Outside of China, Alipay Wallet’s strategy focuses on onboarding overseas merchants wherever Chinese tourists are likely to shop. With enough participating merchants around the world, the average Alipay user can theoretically travel without using money changers, or for that matter, without ever needing to withdraw their funds from the Alipay system.

Alipay Wallet’s expansion strategy mirrors the tourism patterns of some 109 million mainland Chinese as they gallivant across the planet.

It began expanding outwards in 2013 to Hong Kong and Taiwan. By 2015, it had reached South Korea, and in 2016, it began rolling out in Europe.

With Pres. Duterte’s visit to Beijing late last year reportedly triggering a 3x increase in Philippine visa applications amongst Chinese citizens, it seems reasonable to infer that the Ant Financial investment in Mynt has this same “travel wallet” strategy in mind for the Philippine destination.

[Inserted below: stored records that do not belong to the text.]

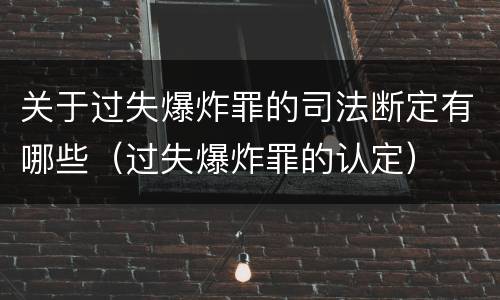关于过失爆炸罪的司法断定有哪些（过失爆炸罪的认定）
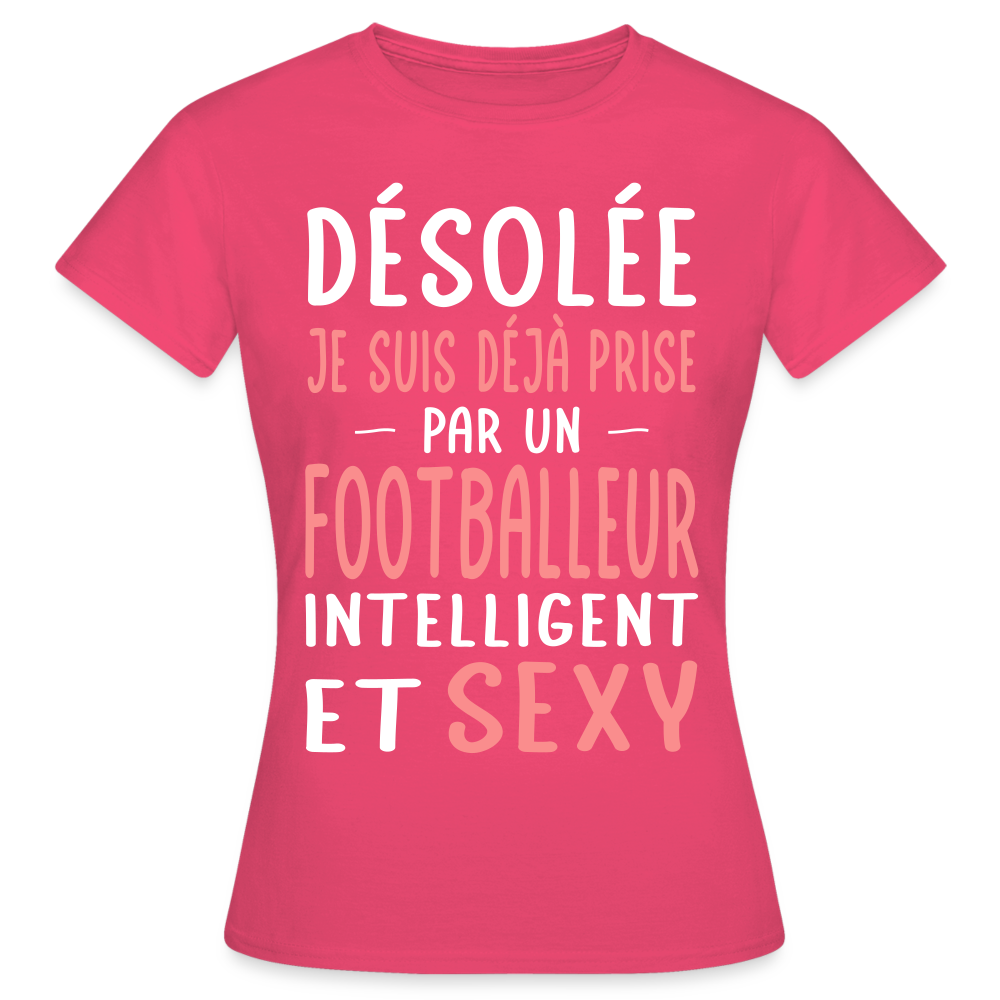T-shirt Femme - Je suis prise par un footballeur intelligent et sexy - rose azalée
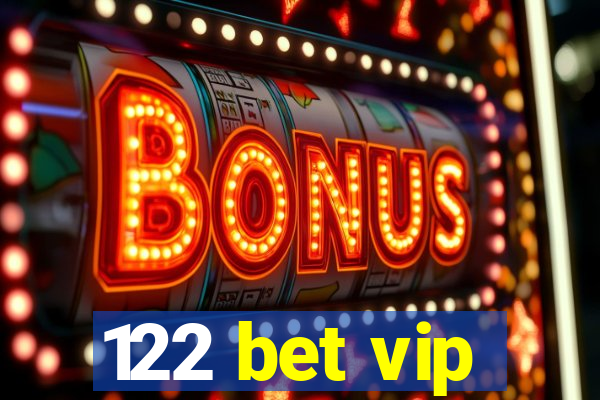 122 bet vip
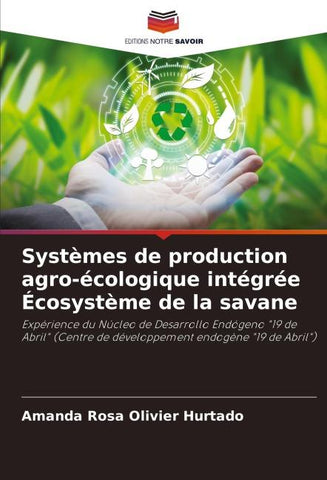 Systèmes de production agro-écologique intégrée Écosystème de la savane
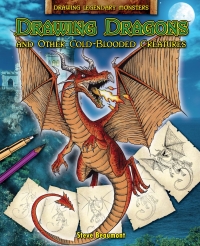 Cover image: Drawing Dragons and Other Cold-Blooded Creatures 9781448833245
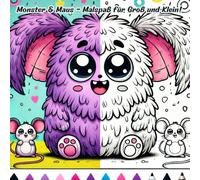 super süßes Monster und Maus - Ausmalbuch: Monster & Maus - Malspaß für Groß und Klein! - für Kreativität, Stressabbau, Enspannung, Feinmotorikgefühl, ... mit Ausmalspaß und supe süße Bildszenen.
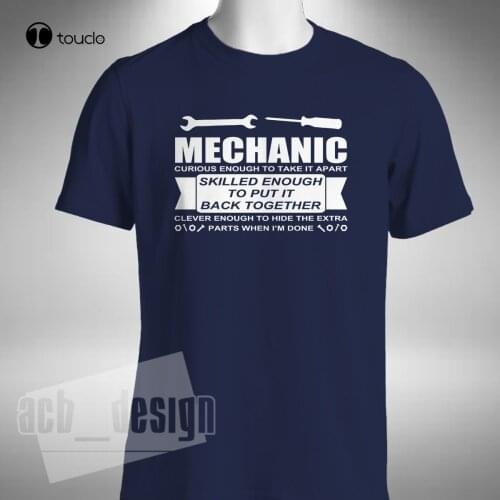 New Fashion Tee Shirt Mechanic Mens T-Shirt Curious Enough To Take It Apart Funny Mechanic Technician Summer T-Shirt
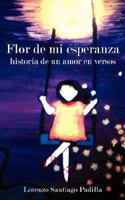 Flor de mi esperanza: historia de un amor en versos 1434329887 Book Cover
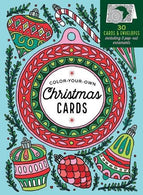Create-Your-Own Handmade Christmas Cards: 30 Cards & Envelopes to Color. Including 5 Pop-Out Ornaments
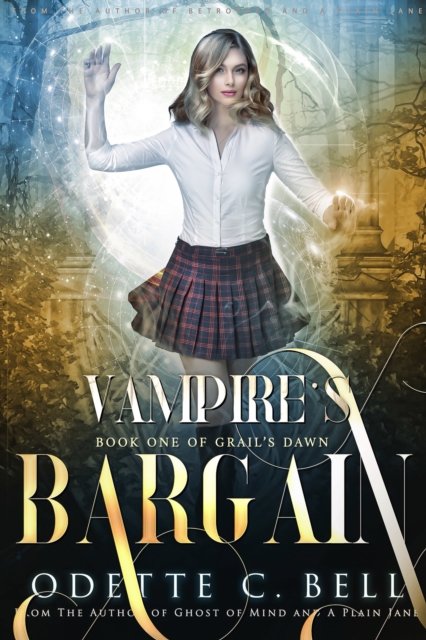 Vampire's Bargain Book One
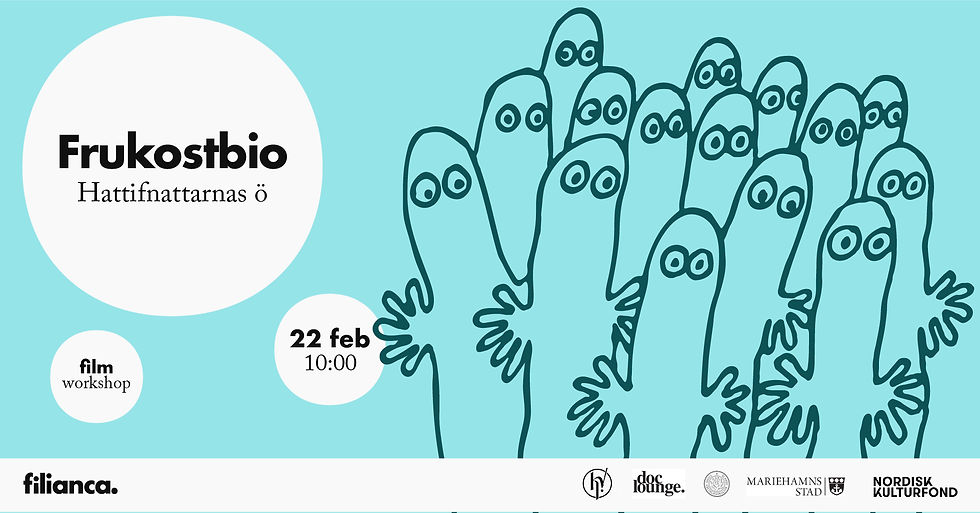 FRUKOSTBIO: HATTIFNATTARNAS Ö  + FILMSKAPARWORKSHOP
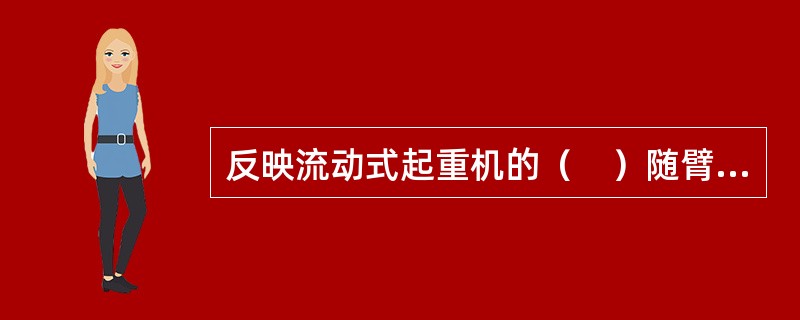 反映流动式起重机的（　）随臂长、工作半径变化而变化的规律的曲线称为起重机的特性曲线。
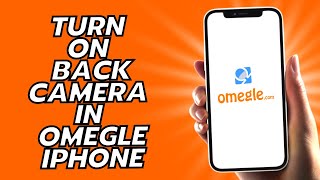 How To Turn On Back Camera In Omegle iPhone  - Simple!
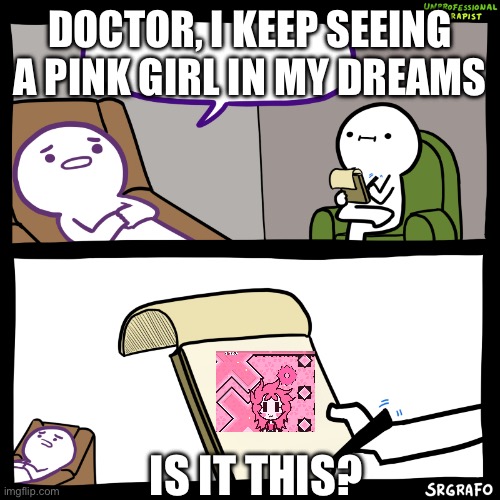 Unprofessional therapist | DOCTOR, I KEEP SEEING A PINK GIRL IN MY DREAMS; IS IT THIS? | image tagged in unprofessional therapist | made w/ Imgflip meme maker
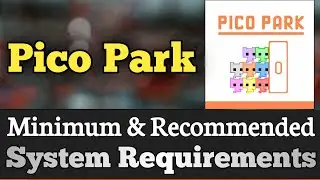 Pico Park System Requirements || Pico Park Requirements Minimum & Recommended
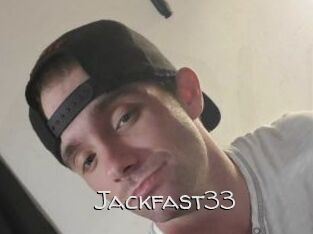 Jackfast33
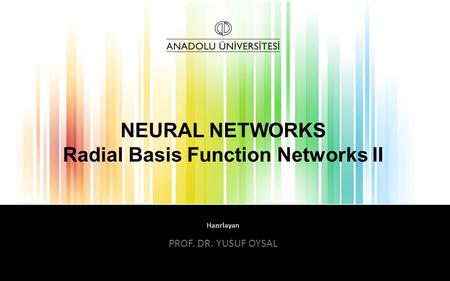 Hazırlayan NEURAL NETWORKS Radial Basis Function Networks II PROF. DR. YUSUF OYSAL.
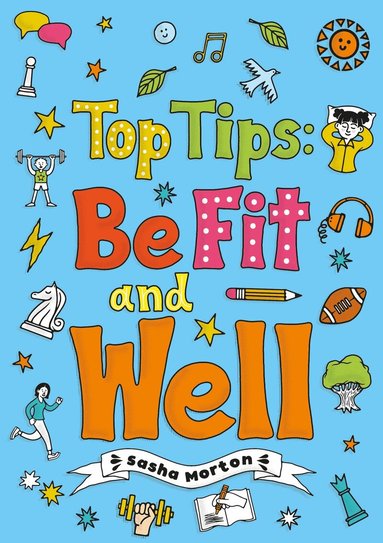 Sasha Morton - Set 04 - Top Tips: Be Fit and Well, Häftad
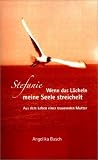 Stefanie - Wenn das L�cheln meine Seele streichelt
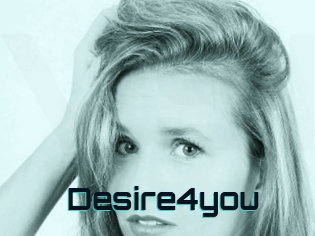 Desire4you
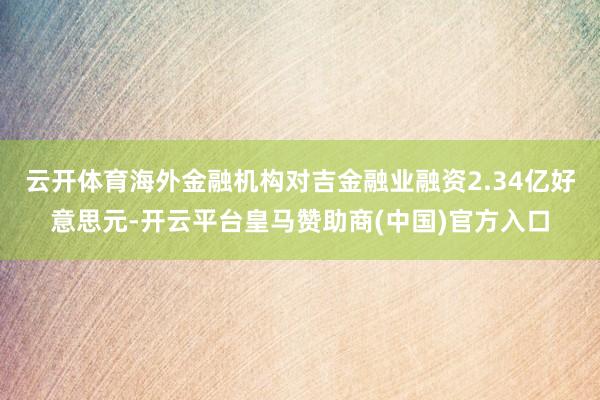 云开体育海外金融机构对吉金融业融资2.34亿好意思元-开云平台皇马赞助商(中国)官方入口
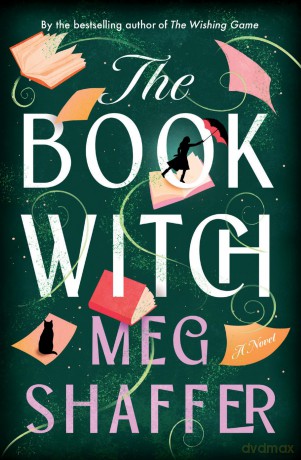 The Book Witch: A Magical Love Letter To Books, Book Boyfriends And Storytelling - Meg Shaffer [KSIĄŻKA]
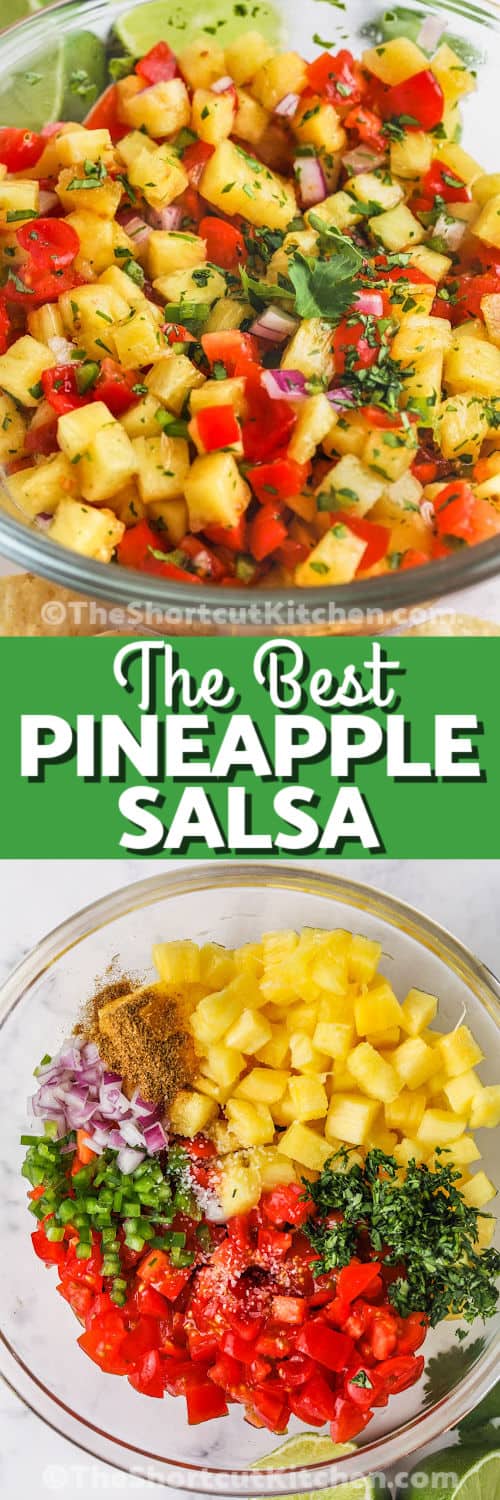 ingredients to make Pineapple Salsa in a bowl and plated dish with writing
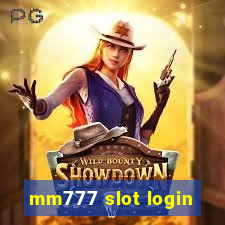 mm777 slot login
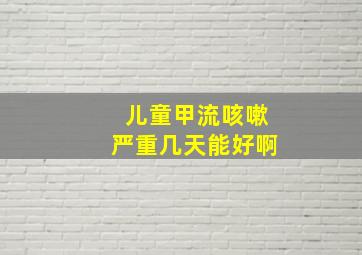 儿童甲流咳嗽严重几天能好啊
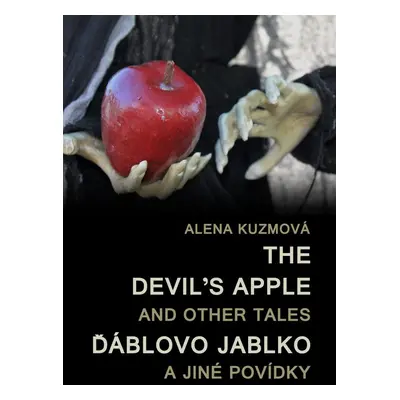 The Devil’s Apple and Other Tales / Ďáblovo jablko a jiné povídky - Alena Kuzmová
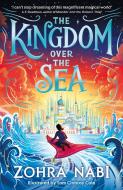 The Kingdom Over The Sea di Zohra Nabi edito da Simon & Schuster Ltd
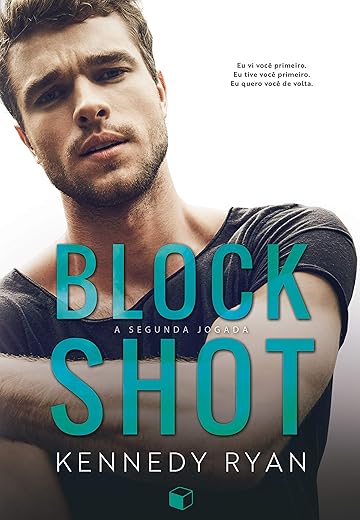 Block Shot: A Segunda Jogada (Hoops Livro 2)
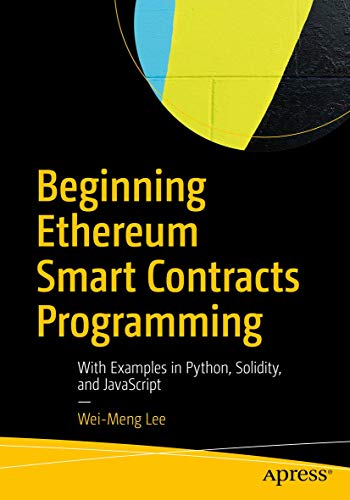 Beginning Ethereum Smart Contracts Programming: With Examples in Python, Solidity, and JavaScript von Apress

Alipay would obviously have a lot of technical expertise to share with Globe and Mynt, but Ayala Corp’s retail properties may be more core to this deal than is immediately apparent.

The expected 1 million Chinese visitors would potentially spend over a billion USD in the Philippines this year. It’s not hard to see why China wields its tourist population as a diplomatic weapon.

Chinese

109 million Chinese tourists spent over $220 billion overseas in 2015. Source: AP Photo

What’s perhaps most fascinating about Alipay’s global strategy is that it does not appear to be very interested in acquiring non-Chinese customers. Their primary focus is purely on providing a homogeneous payments experience to mainlanders. Granted, that’s a market with 1.35 billion potential customers, but it’s a stark contrast with expansion strategies of say, Facebook or Uber, both of which are heavily dependent on localization. Such is the advantage of catering to the largest population slice in the world.

Last year, Alipay announced that it hoped to have 2 billion users on its platform within the next 5–10 years.

It wasn’t clear if they were going to start offering the Alipay wallet directly to other countries, or if they simply expected that there would be 2 billion Chinese people alive by then.